** DATASET RECORDS follows **
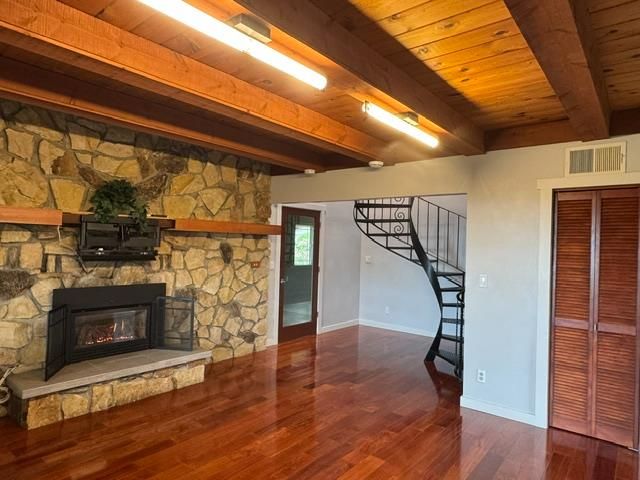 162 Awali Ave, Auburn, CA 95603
** End of DATASET RECORDS **
** DATASET RECORDS follows **
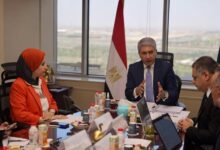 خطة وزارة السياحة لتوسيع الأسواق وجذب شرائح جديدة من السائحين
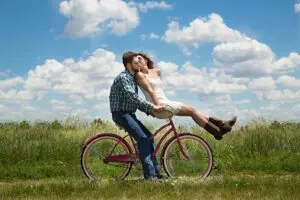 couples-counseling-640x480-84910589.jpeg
** End of DATASET RECORDS **
■ REQUIREMENT ■
Among the records above, locate the line containing "خطة وزارة السياحة" and the line containing "couples-counseling-640x480-84910589.jpeg", then transcribe exactly the lines starting at the first and ending at the second, with no pictures.

■ TASK OUTPUT ■
 خطة وزارة السياحة لتوسيع الأسواق وجذب شرائح جديدة من السائحين
 couples-counseling-640x480-84910589.jpeg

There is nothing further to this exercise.